The GI is a measurement of the blood glucose-raising potential of the carb content of a food compared to pure glucose (which has a GI of 100). If you suffer from diabetes the GI can be a powerful blood sugar managing tool.

  • GI of 55 or below: low (peanuts, bean sprouts, grapefruit, apples, carrots, bananas, snickers bar)
  • GI of 56-69: moderate (oatmeal, ice cream, raisins, white rise, sugar)
    *** GI of 70 or above:** high (white bread, watermelon, popcorn, sports drinks)
Glycemic load (GL)

The amount of carbs contained in a food serving affects blood sugar concentration too and therefore, insulin response.

The GL should help you figuring out how different sized portions of different foods affect your blood sugar raising.

You can calculate the glycemic load by using the following formula:

GL = GI x gr of carbs / 100

  • Low GL: 0 to 10
  • Medium GL: 11 to 19
  • High GL: 20 and over

Protein and Insulin

This is something very interesting and what many 'diet-gurus' like to forget: Meals, which are high in protein and low in carbs can also cause insulin production. Meaning a high protein intake (during a ketogenic diet for example), will also lead to insulin spikes, due to a process called gluconeogenesis, in which protein is converted into glucose.

Whey protein is more insulinogenic than white bread by the way.

And there is no difference between carbs and protein, when it comes to how insulin works - both cause a raise in insulin and end in a decline. There's just a difference in how much each of them make insulin spike.

Insulin and muscle building

Most of you may know, that carbs play an important role in performing properly in the gym.

Did you know, that Insulin is not only crucial for nutrient absorption, but it's also an anabolic hormone. When insulin levels are elevated, the body stops to break down muscle tissue after a weightlifting session.
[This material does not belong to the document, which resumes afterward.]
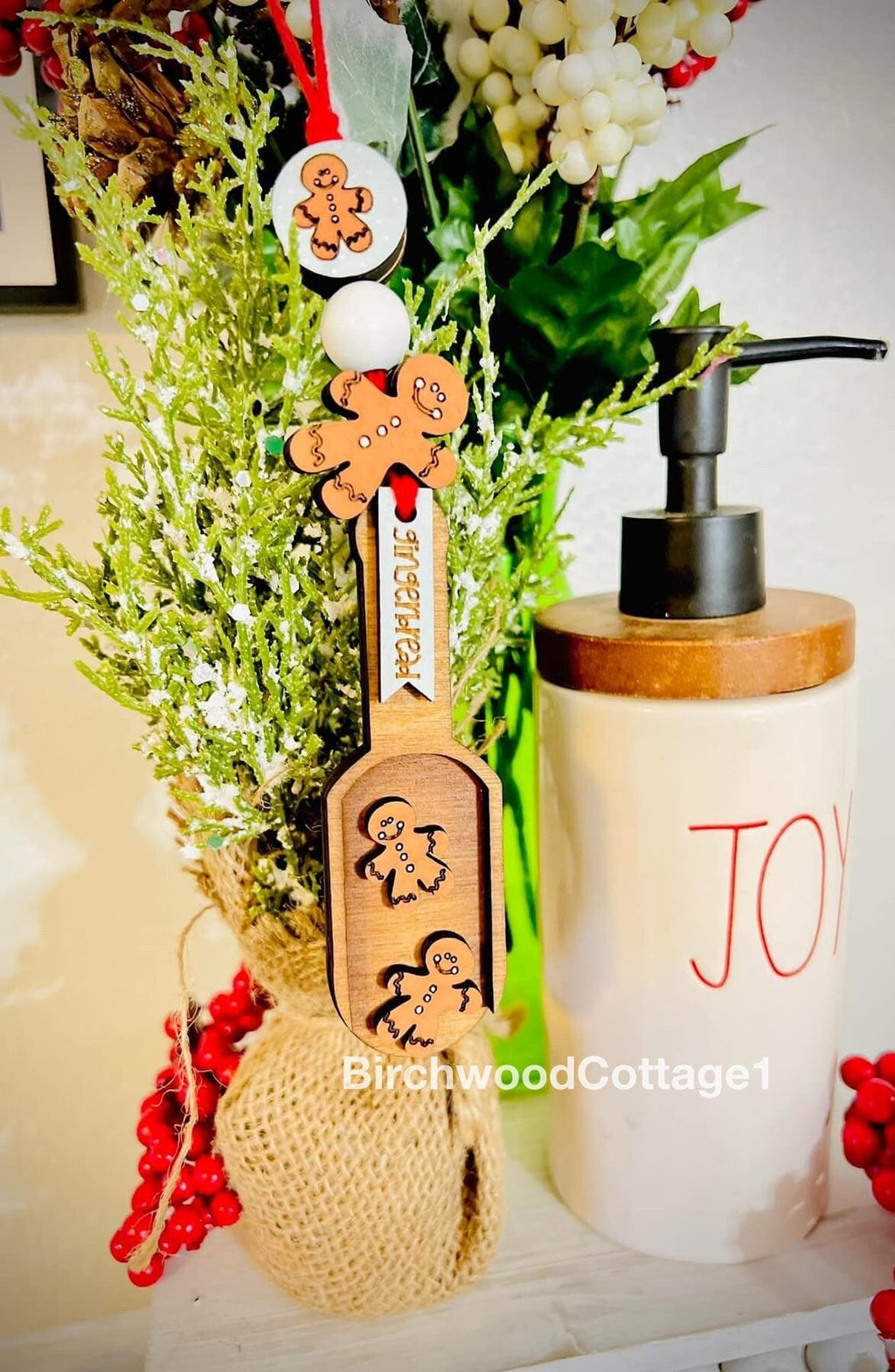 Winter Christmas Tiered Tray Wood Scoop File SVG, Glowforge Bead Garland, LuckyHeartDesignsCo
Insulin stimulates protein synthesis by "telling" ribosomes to build more protein. Meaning, it makes muscles grow (if trained properly of course).

Muscles are made of protein. Protein is built by ribosomes, which are stimulated by insulin. Hence, insulin is required to build muscle.

It's as simple as that. So eating a high carb meal with fast acting carbs after a workout can be beneficial for muscle gain. If you're trying to lose fat however, protein alone will be enough after a workout.

Insulin sensitivity & insulin resistance

Overdoing something will make you less sensitive to it's effect, right? Drinking coffee will make you dull to it's effects. So you drink more. And more. Et cetera.

Same with carbs. Eating carbs too often and too much of it, especially simple carbs, can lead to insulin sensitivity or even insulin resistance.

If you suffer from insulin sensitivity you need to produce more insulin than you should in order to keep your blood sugar level stable. And if it gets worse, you can't digest carbs and absorb nutrients properly. You'll also most likely gain weight.

Over a longer period of time, the pancreas gets exhausted from making more and more insulin and it might stop being able to release the hormone properly - that's when type 2 diabetes occurs.


As you can see, insulin plays a crucial role not only in regulating metabolism. Understanding how insulin works is important and beneficial for your overall health, regardless if you suffer from diabetes or not!